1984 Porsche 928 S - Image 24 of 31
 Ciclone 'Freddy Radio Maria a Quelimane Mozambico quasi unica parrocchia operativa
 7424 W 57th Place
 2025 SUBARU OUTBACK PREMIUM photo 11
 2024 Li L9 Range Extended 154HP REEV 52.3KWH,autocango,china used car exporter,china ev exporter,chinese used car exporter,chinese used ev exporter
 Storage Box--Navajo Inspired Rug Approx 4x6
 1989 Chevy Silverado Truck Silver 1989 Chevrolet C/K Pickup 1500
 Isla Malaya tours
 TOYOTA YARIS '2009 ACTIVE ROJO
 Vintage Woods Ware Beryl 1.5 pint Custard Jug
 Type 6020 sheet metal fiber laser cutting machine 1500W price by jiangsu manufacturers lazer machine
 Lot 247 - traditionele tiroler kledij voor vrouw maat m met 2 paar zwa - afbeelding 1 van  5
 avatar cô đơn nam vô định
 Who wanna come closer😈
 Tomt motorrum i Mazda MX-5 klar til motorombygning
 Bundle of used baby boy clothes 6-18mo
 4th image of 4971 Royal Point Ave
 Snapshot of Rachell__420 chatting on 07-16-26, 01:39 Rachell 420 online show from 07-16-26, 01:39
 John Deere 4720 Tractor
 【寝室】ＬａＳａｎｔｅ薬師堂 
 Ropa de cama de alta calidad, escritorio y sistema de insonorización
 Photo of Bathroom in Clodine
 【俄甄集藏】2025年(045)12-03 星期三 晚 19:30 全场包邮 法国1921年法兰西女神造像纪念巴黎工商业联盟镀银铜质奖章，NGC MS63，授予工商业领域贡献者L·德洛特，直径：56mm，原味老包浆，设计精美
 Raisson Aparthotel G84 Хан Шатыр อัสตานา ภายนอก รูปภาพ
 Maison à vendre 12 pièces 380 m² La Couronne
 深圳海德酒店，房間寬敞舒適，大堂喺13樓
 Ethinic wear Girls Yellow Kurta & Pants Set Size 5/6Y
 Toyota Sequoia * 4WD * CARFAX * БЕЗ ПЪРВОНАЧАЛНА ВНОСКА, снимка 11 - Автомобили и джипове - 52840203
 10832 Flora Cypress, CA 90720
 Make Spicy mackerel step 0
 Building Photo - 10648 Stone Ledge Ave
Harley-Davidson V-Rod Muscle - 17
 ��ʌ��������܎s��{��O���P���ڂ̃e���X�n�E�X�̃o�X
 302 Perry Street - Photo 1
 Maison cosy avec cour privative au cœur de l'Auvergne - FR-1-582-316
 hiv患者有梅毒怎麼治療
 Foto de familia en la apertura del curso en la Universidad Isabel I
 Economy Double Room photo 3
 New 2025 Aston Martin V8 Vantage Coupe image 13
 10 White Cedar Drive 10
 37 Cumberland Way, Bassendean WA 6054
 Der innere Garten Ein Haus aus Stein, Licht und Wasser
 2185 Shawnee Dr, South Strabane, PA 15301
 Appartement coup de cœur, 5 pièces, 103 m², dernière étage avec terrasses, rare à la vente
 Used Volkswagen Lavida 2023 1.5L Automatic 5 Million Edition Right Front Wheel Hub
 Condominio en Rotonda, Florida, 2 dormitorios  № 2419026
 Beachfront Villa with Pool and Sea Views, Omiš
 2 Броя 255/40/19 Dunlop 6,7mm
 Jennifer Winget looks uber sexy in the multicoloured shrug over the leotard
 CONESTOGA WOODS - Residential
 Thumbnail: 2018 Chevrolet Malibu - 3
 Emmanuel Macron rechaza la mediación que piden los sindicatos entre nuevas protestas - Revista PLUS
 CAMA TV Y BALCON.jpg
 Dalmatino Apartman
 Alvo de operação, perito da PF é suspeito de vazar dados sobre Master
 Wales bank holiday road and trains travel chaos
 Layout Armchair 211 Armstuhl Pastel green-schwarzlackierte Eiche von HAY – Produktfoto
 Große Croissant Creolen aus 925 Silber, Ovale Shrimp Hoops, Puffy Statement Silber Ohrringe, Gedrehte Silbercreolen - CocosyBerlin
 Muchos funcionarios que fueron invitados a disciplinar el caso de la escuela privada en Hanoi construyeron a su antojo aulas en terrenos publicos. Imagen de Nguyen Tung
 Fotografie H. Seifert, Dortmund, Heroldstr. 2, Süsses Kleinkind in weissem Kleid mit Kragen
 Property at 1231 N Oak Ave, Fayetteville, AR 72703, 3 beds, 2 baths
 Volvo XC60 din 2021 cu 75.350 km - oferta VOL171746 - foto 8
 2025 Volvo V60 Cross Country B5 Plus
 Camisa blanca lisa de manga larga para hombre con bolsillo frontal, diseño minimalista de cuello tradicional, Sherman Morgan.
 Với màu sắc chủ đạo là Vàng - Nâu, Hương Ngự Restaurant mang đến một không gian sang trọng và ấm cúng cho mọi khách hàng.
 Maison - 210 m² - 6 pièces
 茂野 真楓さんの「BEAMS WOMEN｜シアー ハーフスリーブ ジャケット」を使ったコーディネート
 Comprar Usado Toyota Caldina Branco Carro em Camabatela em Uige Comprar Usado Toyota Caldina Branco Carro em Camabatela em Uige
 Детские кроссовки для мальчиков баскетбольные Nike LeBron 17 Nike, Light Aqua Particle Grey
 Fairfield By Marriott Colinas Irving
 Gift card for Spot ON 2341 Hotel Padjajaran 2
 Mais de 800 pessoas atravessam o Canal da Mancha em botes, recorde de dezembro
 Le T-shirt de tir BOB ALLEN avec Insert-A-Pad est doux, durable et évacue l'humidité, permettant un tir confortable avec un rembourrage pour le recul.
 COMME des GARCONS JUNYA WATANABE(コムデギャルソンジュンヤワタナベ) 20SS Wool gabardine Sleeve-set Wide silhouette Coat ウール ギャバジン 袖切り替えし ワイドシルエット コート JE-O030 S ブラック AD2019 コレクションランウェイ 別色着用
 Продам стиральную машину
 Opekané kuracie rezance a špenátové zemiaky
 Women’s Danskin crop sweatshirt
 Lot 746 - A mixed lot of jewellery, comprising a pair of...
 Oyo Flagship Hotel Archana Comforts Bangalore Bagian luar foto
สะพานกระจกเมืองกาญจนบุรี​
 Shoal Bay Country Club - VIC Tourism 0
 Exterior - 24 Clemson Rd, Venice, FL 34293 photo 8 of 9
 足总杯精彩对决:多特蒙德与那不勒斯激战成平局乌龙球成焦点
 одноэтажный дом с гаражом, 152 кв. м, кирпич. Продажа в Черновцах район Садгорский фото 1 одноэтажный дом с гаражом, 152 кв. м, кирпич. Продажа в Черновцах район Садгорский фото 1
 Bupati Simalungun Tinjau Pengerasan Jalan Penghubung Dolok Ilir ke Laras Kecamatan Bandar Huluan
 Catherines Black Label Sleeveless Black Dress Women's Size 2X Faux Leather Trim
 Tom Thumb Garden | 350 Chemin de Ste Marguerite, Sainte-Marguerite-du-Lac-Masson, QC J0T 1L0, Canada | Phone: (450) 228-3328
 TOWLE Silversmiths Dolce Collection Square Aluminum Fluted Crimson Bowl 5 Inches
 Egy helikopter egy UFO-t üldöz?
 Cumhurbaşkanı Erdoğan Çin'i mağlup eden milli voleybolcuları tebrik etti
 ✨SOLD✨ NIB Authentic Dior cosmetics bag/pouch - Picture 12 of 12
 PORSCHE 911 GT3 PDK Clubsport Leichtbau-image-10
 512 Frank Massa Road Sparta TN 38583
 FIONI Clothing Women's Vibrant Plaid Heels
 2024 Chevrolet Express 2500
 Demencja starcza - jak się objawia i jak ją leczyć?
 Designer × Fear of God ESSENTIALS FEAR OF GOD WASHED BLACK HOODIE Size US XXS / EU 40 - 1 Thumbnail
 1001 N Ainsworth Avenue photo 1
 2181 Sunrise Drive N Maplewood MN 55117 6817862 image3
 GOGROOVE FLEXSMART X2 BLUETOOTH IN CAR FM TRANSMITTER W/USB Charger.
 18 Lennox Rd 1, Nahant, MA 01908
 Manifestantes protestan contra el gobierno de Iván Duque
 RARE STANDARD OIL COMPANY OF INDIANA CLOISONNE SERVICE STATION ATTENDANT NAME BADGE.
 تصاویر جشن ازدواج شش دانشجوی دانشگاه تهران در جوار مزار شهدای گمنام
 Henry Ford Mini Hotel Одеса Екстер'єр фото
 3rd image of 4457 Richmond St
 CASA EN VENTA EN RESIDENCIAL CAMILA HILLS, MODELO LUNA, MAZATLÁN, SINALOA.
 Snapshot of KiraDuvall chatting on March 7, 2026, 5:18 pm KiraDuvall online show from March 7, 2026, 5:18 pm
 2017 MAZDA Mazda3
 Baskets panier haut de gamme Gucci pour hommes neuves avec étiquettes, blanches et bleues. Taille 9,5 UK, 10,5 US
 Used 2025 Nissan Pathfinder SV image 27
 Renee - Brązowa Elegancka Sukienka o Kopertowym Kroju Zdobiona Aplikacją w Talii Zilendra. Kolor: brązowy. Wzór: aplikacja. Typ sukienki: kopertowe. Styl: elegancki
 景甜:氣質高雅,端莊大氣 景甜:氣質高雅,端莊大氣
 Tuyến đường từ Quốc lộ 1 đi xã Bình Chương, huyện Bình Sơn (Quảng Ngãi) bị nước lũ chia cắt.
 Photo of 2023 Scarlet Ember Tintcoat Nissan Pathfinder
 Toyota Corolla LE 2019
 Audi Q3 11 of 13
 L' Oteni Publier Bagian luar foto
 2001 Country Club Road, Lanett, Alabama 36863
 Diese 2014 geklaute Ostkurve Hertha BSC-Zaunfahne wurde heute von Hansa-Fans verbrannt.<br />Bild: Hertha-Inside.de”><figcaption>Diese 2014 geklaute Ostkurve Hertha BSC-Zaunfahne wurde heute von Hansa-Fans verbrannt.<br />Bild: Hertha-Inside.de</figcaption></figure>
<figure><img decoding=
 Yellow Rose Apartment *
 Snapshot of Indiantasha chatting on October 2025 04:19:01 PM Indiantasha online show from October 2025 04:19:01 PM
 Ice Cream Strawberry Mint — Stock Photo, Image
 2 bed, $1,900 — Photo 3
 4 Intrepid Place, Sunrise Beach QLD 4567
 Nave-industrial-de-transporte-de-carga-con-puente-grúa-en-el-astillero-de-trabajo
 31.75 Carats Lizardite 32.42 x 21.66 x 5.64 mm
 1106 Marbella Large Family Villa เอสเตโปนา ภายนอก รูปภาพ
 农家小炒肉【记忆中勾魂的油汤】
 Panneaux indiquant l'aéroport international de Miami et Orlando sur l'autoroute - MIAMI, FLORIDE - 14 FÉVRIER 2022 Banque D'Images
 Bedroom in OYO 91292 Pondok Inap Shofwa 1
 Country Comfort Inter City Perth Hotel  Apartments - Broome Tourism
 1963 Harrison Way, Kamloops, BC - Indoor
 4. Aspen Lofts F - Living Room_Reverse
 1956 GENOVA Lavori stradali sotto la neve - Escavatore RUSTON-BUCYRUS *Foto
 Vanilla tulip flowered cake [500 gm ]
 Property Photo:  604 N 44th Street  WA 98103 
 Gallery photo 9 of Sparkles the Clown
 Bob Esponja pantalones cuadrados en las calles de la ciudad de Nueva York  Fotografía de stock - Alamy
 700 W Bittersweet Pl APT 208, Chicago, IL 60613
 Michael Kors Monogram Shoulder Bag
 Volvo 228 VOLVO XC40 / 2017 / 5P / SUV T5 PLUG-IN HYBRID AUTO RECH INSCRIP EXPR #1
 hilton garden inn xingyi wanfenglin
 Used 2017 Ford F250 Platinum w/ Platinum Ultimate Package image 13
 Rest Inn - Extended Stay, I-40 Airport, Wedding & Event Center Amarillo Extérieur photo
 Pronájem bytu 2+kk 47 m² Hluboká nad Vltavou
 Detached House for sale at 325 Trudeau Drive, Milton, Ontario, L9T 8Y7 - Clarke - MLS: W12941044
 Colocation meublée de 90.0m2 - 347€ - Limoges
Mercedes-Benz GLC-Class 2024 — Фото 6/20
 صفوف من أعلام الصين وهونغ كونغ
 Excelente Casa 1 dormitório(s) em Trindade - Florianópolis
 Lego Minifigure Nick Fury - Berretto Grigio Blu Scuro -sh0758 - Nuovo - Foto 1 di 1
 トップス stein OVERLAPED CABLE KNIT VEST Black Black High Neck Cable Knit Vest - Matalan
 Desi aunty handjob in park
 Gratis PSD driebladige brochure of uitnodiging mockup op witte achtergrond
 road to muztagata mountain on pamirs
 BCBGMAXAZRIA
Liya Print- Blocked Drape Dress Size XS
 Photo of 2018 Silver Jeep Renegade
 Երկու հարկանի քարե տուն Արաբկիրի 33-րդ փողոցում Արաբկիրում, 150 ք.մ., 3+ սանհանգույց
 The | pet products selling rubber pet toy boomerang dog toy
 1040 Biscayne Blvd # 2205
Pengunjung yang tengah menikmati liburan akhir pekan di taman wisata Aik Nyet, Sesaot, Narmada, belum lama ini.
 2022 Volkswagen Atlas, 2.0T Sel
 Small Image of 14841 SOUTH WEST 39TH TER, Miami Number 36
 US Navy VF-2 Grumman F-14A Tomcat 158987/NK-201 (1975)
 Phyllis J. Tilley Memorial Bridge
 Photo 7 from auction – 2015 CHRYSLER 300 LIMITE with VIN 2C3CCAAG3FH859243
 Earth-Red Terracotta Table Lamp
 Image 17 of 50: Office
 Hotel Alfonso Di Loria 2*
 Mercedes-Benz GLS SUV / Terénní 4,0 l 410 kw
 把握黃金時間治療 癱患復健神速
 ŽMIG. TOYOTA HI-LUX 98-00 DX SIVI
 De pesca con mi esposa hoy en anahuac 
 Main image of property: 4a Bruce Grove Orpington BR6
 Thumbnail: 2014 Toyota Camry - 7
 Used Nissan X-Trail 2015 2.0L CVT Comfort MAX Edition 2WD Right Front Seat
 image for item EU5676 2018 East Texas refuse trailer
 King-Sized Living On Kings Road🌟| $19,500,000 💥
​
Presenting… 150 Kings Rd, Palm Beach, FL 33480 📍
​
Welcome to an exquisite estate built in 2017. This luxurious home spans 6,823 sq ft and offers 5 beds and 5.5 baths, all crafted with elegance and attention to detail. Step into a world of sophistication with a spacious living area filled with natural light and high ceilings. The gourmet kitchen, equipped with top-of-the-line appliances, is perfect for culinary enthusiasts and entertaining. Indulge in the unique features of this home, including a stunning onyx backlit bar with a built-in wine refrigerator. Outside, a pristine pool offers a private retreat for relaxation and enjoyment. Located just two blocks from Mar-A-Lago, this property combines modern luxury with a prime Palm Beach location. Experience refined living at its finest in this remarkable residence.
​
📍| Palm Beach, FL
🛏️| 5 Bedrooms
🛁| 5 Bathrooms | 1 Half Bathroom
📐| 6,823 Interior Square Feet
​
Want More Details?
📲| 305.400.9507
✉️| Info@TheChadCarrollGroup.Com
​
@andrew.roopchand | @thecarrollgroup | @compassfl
----
- Task instructions:
The response must consist solely of the lines from the one with "image for item" through the end of the listing above, copied exactly; please include the first and the last.

- Exercise response:
 image for item EU5676 2018 East Texas refuse trailer
 King-Sized Living On Kings Road🌟| $19,500,000 💥
​
Presenting… 150 Kings Rd, Palm Beach, FL 33480 📍
​
Welcome to an exquisite estate built in 2017. This luxurious home spans 6,823 sq ft and offers 5 beds and 5.5 baths, all crafted with elegance and attention to detail. Step into a world of sophistication with a spacious living area filled with natural light and high ceilings. The gourmet kitchen, equipped with top-of-the-line appliances, is perfect for culinary enthusiasts and entertaining. Indulge in the unique features of this home, including a stunning onyx backlit bar with a built-in wine refrigerator. Outside, a pristine pool offers a private retreat for relaxation and enjoyment. Located just two blocks from Mar-A-Lago, this property combines modern luxury with a prime Palm Beach location. Experience refined living at its finest in this remarkable residence.
​
📍| Palm Beach, FL
🛏️| 5 Bedrooms
🛁| 5 Bathrooms | 1 Half Bathroom
📐| 6,823 Interior Square Feet
​
Want More Details?
📲| 305.400.9507
✉️| Info@TheChadCarrollGroup.Com
​
@andrew.roopchand | @thecarrollgroup | @compassfl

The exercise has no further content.